As part of the firm's hesitant nod that its proposed 1080p standard was bested in the marketplace by Blu-ray (a turning point that occurred nearly a year and a half ago), Toshiba said it will soon add its name to the Blu-ray Disc Association.
For more than a year, a lot of CE bloggers and other industry observers speculated that Toshiba wanted to leapfrog Blu-ray by quickly introducing a newer, superior disc standard. Whether that strategy might still continue behind closed lab doors (if indeed it ever existed) is anyone's guess.
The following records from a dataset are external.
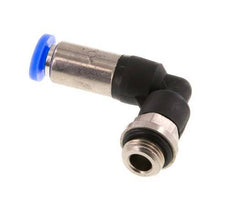 4mm & G1/8'' Zelfsluitende L-insteekkoppeling Vernikkeld messing/PBT buitendraad 0-10 bar [2 Stuks]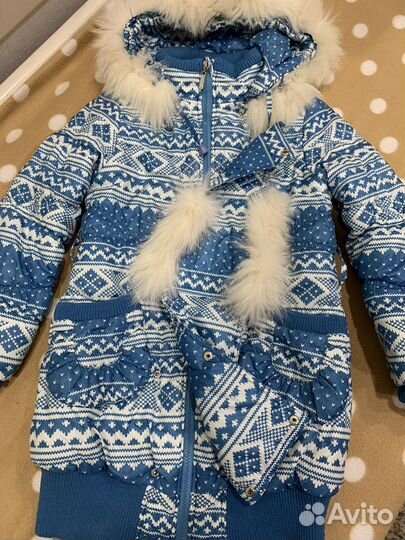 Зимний пуховик для девочки 8-9 лет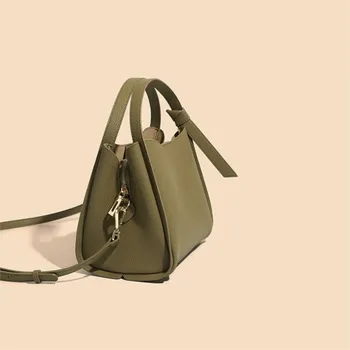 2023, Луксозна дизайнерска дамска чанта на рамото, маркова чанта ръчна изработка, чанта през рамо, чантата, чанти за жени, новият дизайнер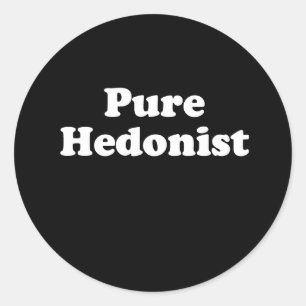 Sticker Rond Hédoniste pur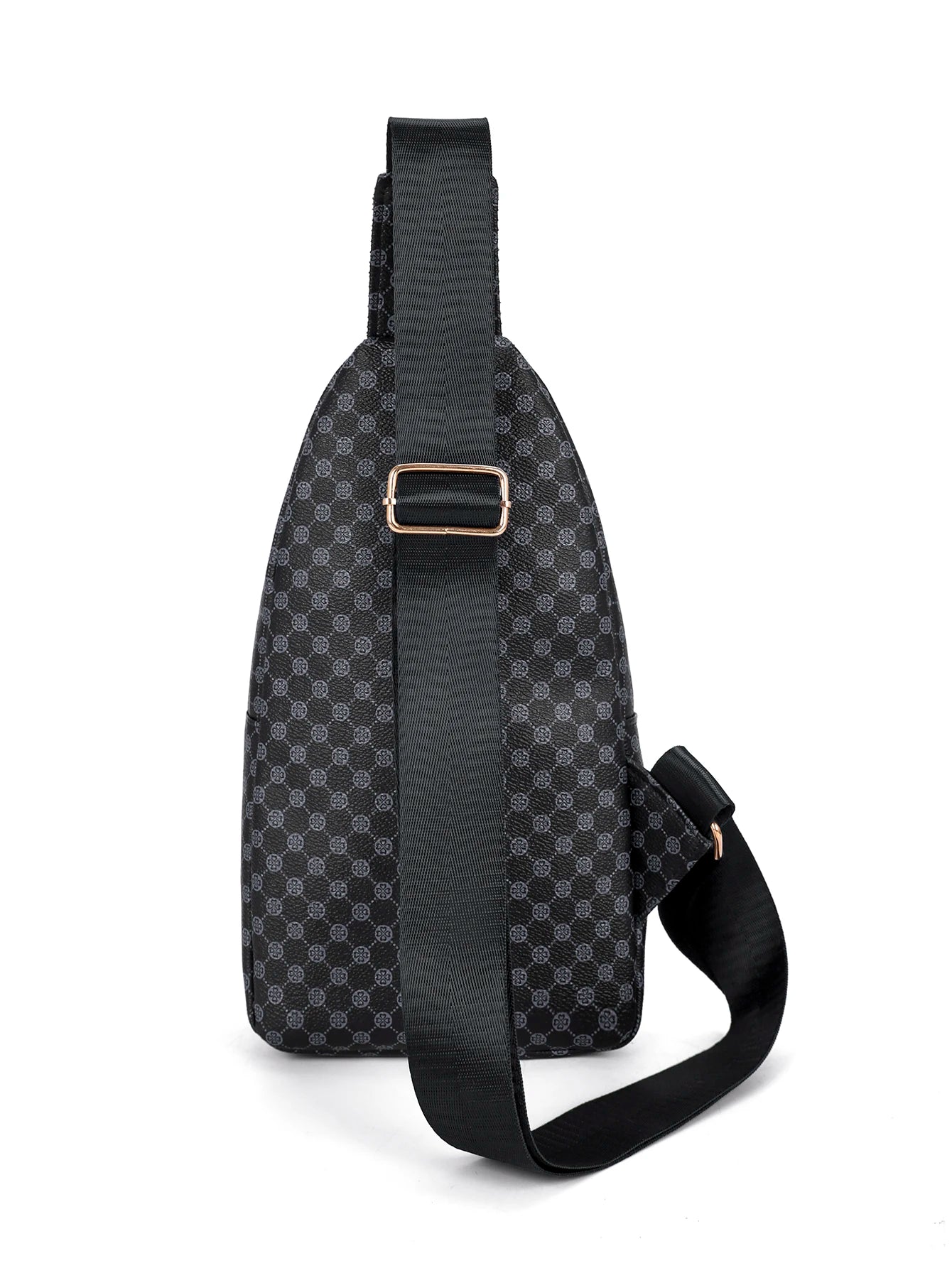 Urban Travel Chest Bag Shoulder Bag Phone Sling Crossbody Bag Trendy Design PU Leather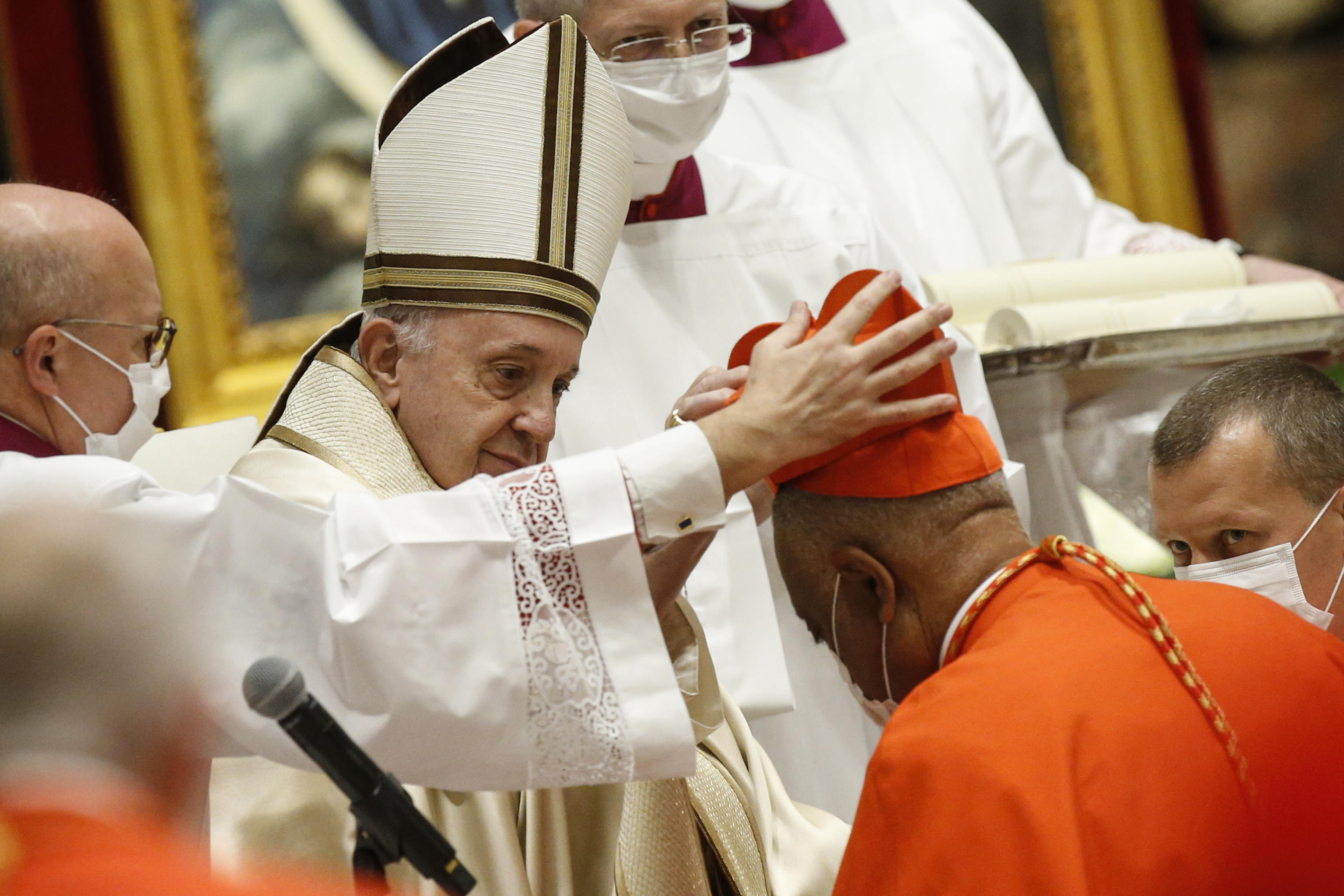 Pope Francis, with new cardinals, warns Catholic Church against mediocrity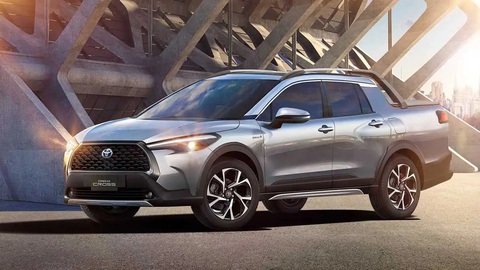 Toyota Corolla Cross phiên bản bán tải cực kỳ hứa hẹn - Ảnh 1. Toyota Corolla Cross là một mẫu bán khá chạy của thương hiệu Nhật, thậm chí đang đứng đầu doanh số tại thị trường Việt Nam. Do đó biến thể bán tải của mẫu xe này đang được xem xét - Ảnh: KDesign AG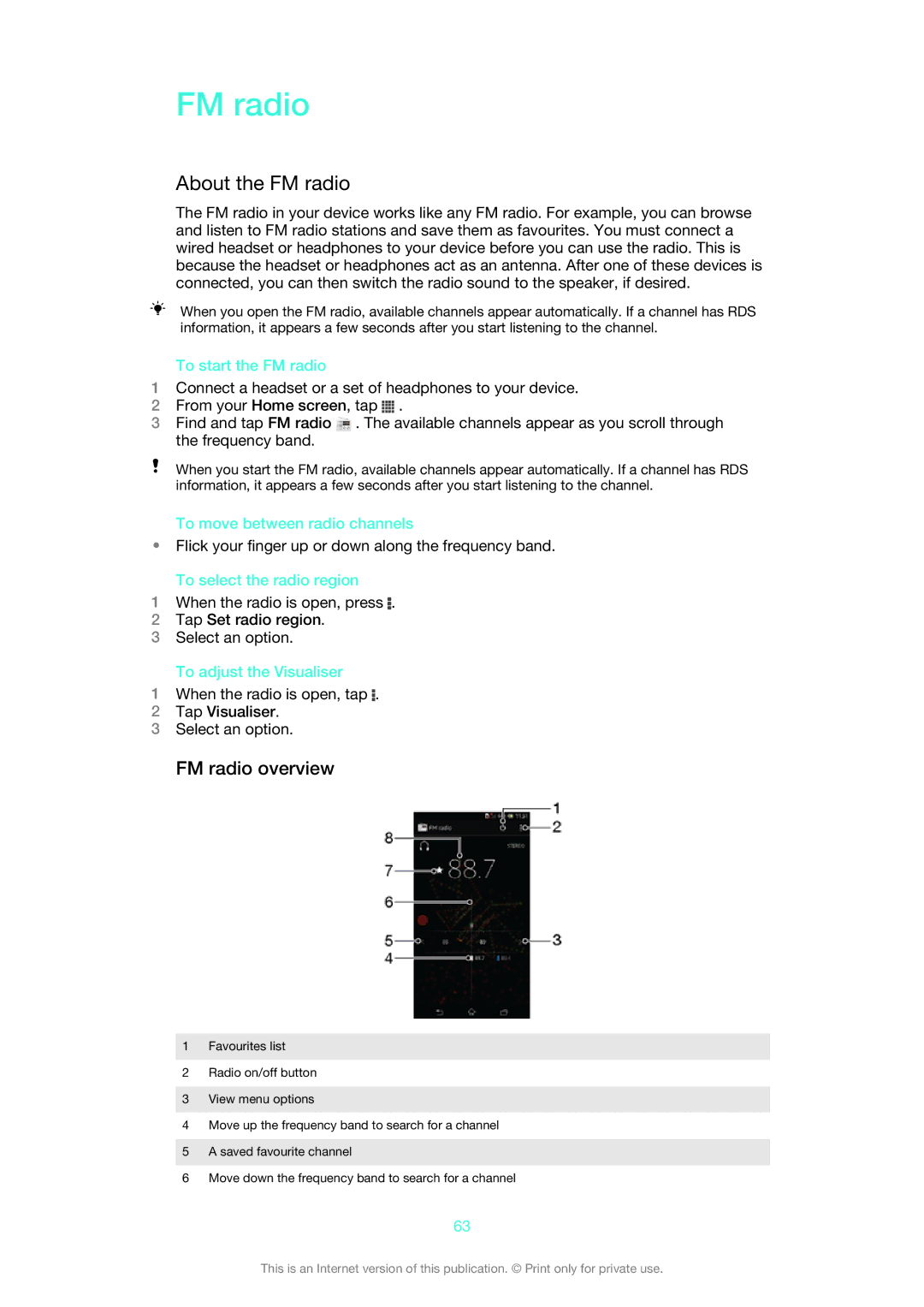 Sony 1275-9580 manual About the FM radio, FM radio overview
Toshiba was pressured into pursuing what many considered the inevitable — accepting Blu-ray as the lone HD disc standard — by both a growing awareness that Blu-ray continues to grow, and the fact that the firm lost about $3.5 billion in its last fiscal year (its biggest one-year loss on record).
Yet HD DVD will live on, at least in part, in one country that has declared its own HD disc "standard" for its potential 1.3 billion consumers. China's CBHD format relies partly on HD DVD technology (HD Notebook, Aug. 5, 2009).